Those words that have become the title of this "remembrance" make up the last sentence of a poem written by John Gillespie Magee, who was killed at the age of 19 while serving with the Royal Canadian Air Force during World War II. Only a few days before his death, he wrote this poem which he mailed to his Mom before his last flight.

As one who has flown as the lone passenger in the smallest of Cessna's or with as many passengers as a 747 can hold flying from the Ontario Airport to Des Moines, Iowa, there have been many occasions when I have placed my fingers to the misty window and have felt as close to God as I have ever felt in the pew of a church. At the oh-so-young age of 19, John wrote words that have stirred hearts of every age for lo, these many years.

And for me, they also stirred memories of a young classmate, Emil E. Kluever, Jr., a country lad of considerable intelligence and looks, spontaneous and energetic enough to be a Yell Leader but quiet enough to be a model student in Study Hall, the Teacher's dream come true! Truth be said, I did not know Jack all that well in school so he would probably tell you a different story...but again, this is MY blog, right? (Over those years of Junior High and High School, I did my usual amount of "inspection," of course, and my instincts are pretty much "right on" so you can pretty much believe what I am going to tell you...)

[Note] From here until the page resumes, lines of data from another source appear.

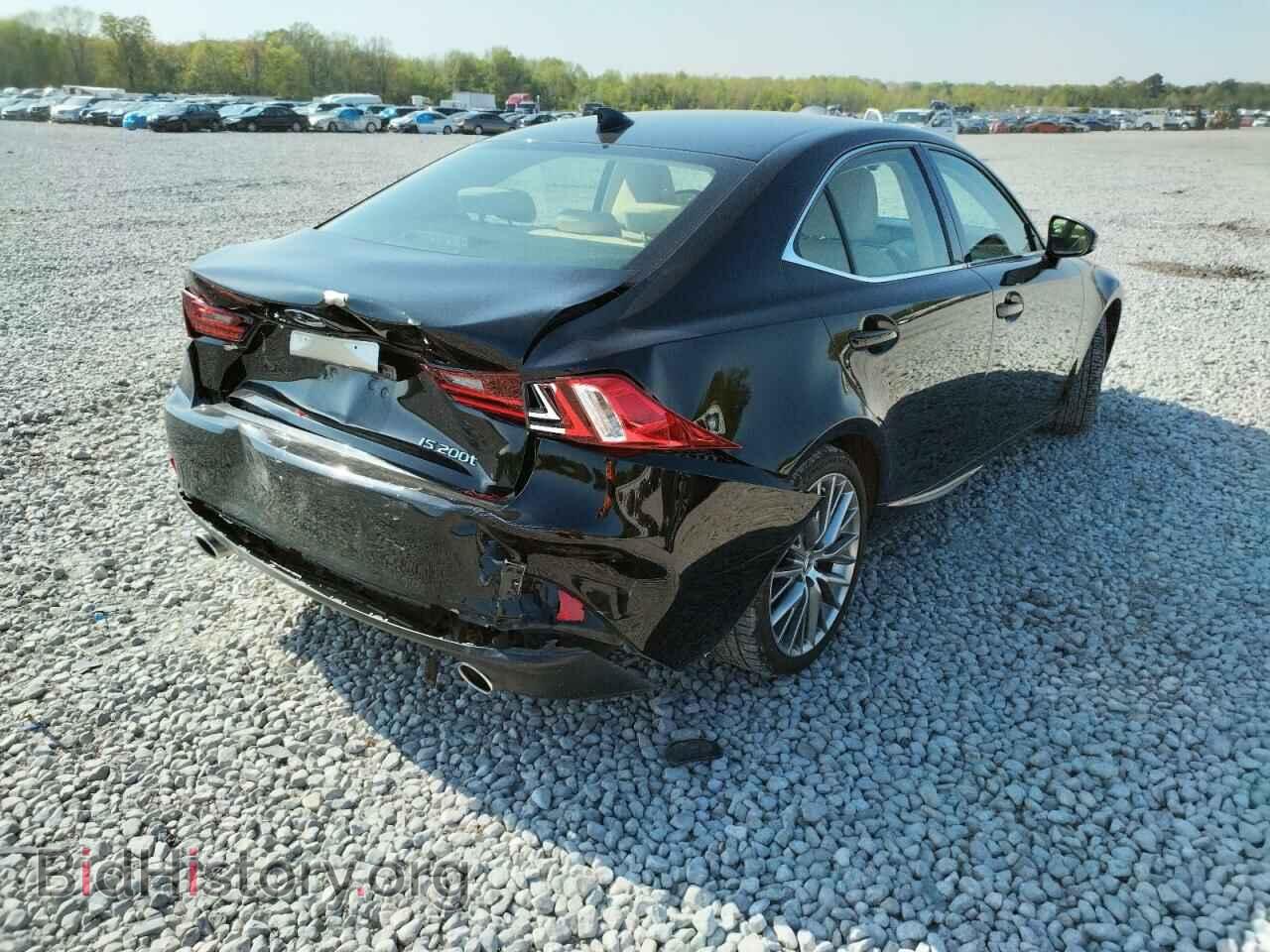 2016 LEXUS IS - VIN: JTHBA1D29G5013364 - Photo 4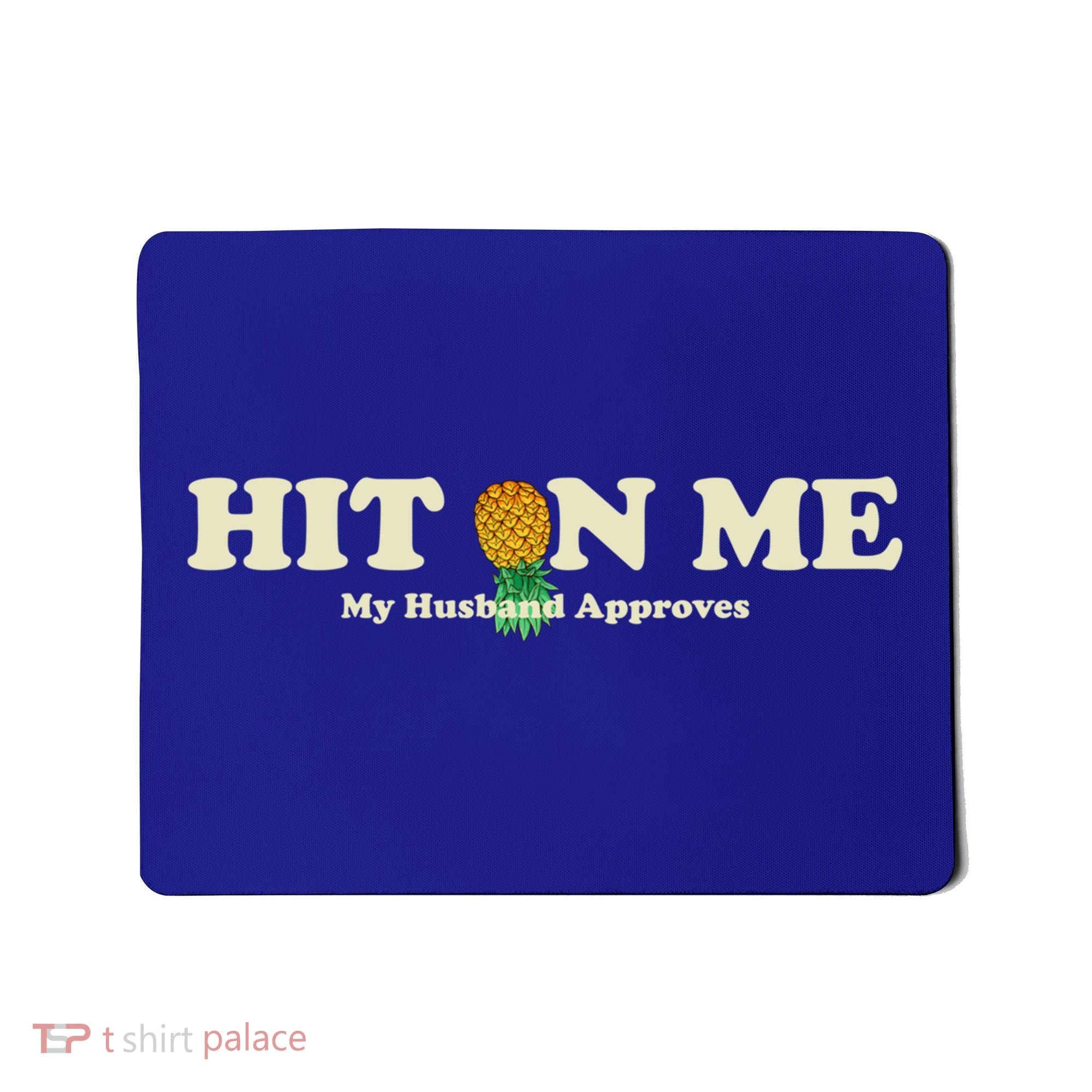 Wo Upside Down Pineapple Subtle Swinger Gift Mousepad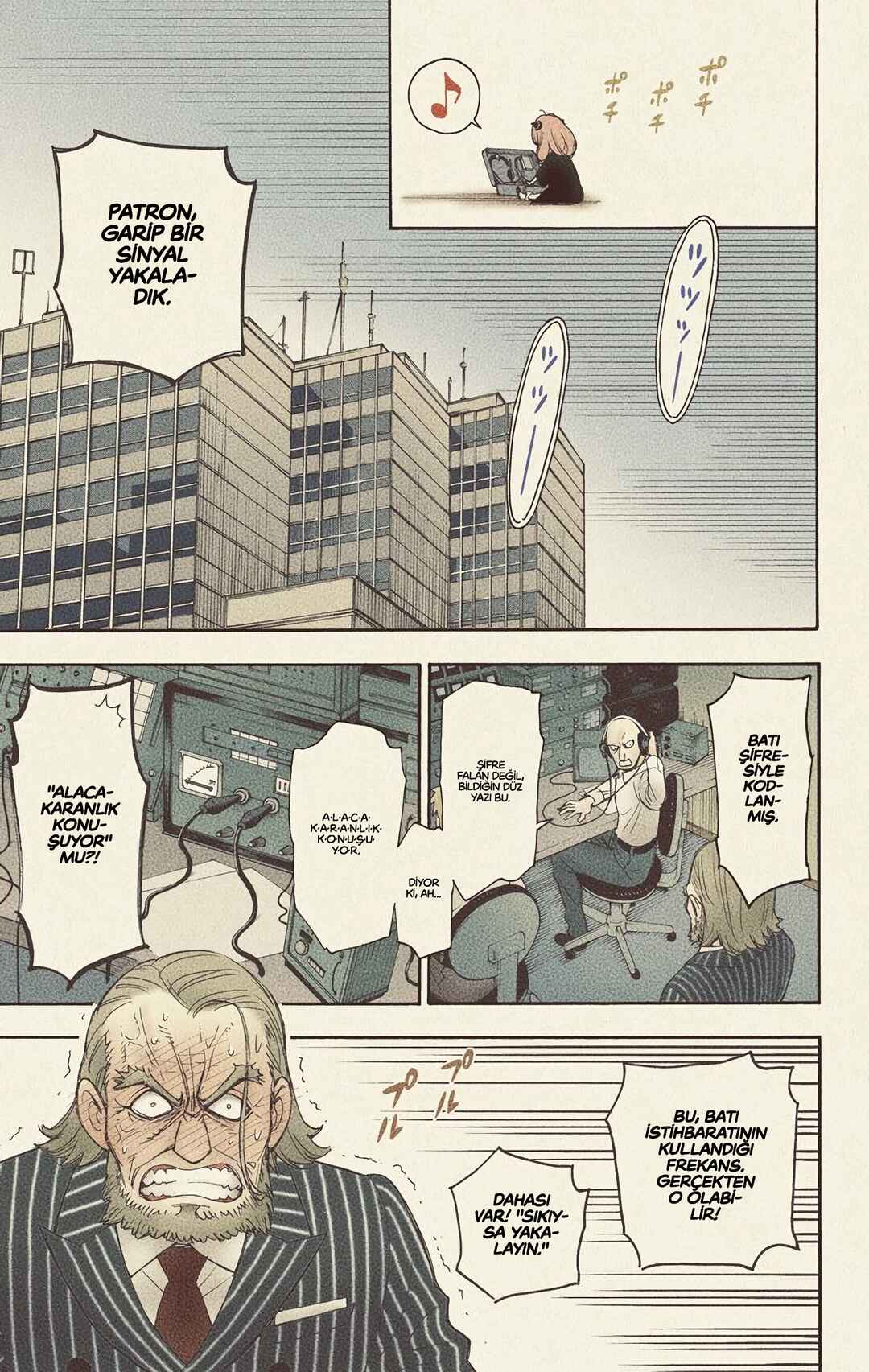 Spy × Family (Official Colored) Chapter 1 - Page 40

For a country lad, let me tell you, Jack has come a long way! What one learns at the Class Reunions!

Dale Anderson and I, as Class Officers, (Dick Pagel, recently deceased, always there in spirit) were responsible for entertainment for the 2005 Class Reunion; Dale had cleared it with Jack, living in Las Vegas, to be the featured speaker at the Saturday morning breakfast meeting, sharing some of his experiences as an officer with the U.S.Army. Little did the most of us know just what those "experiences" would be!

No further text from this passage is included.